TASK DESCRIPTION: Beginning at the line containing "Polar Bear On ice Jigsaw Puzzle (Horizontal)" in the material below and ending at the line containing "Protect Our Parks", return each line exactly and add nothing.

INPUT MATERIAL:
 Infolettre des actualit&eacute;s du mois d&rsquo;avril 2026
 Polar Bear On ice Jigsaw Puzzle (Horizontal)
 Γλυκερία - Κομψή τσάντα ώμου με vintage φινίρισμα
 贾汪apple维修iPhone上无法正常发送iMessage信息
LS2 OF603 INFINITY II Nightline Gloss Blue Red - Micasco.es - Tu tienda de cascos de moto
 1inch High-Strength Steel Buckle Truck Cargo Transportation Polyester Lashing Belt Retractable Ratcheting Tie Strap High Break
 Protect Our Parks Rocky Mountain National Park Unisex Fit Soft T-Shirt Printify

* * *

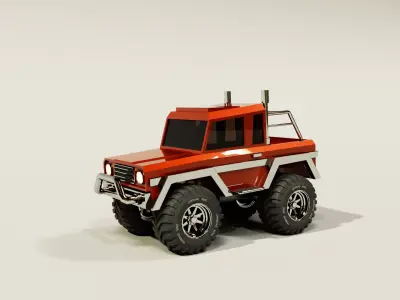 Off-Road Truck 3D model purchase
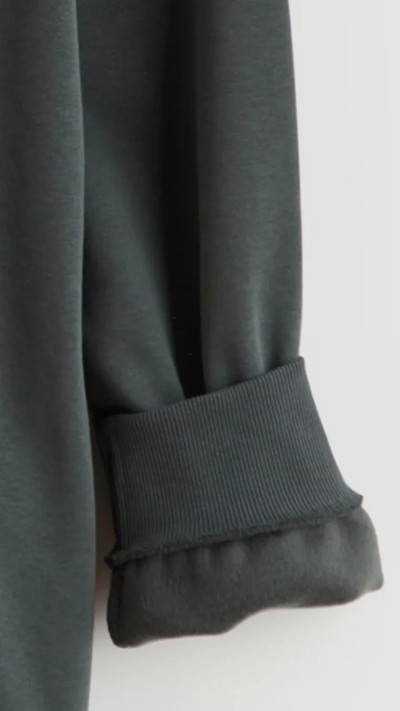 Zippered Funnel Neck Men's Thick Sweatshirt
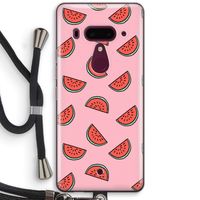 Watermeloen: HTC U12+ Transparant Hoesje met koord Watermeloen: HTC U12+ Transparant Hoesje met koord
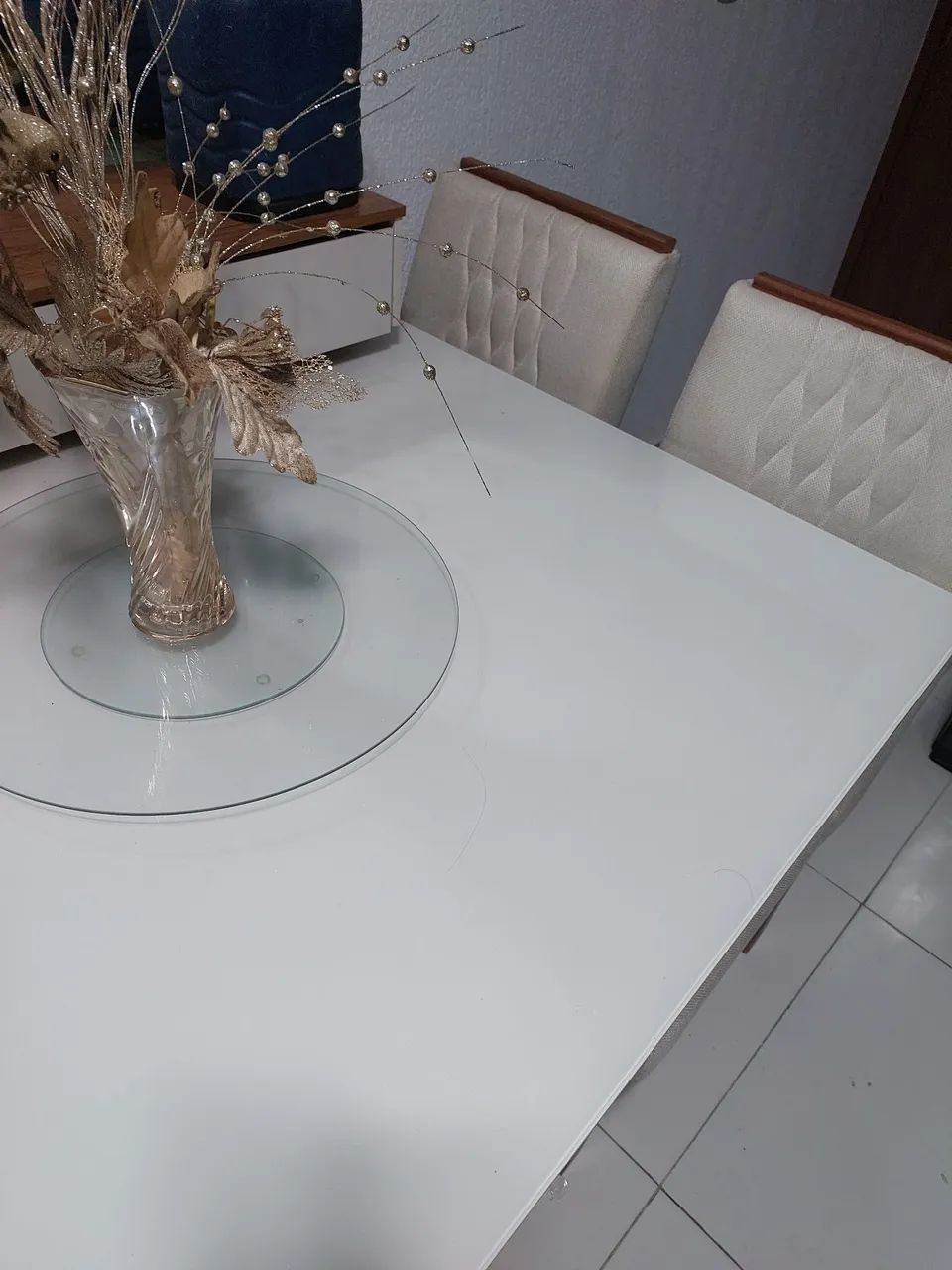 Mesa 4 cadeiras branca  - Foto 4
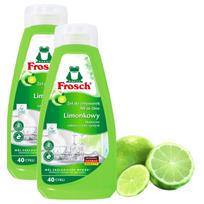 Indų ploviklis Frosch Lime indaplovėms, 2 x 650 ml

---

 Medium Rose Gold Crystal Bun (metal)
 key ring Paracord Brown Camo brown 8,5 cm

WRITTEN ANSWER:
 Polar Bear On ice Jigsaw Puzzle (Horizontal)
 Γλυκερία - Κομψή τσάντα ώμου με vintage φινίρισμα
 贾汪apple维修iPhone上无法正常发送iMessage信息
LS2 OF603 INFINITY II Nightline Gloss Blue Red - Micasco.es - Tu tienda de cascos de moto
 1inch High-Strength Steel Buckle Truck Cargo Transportation Polyester Lashing Belt Retractable Ratcheting Tie Strap High Break
 Protect Our Parks Rocky Mountain National Park Unisex Fit Soft T-Shirt Printify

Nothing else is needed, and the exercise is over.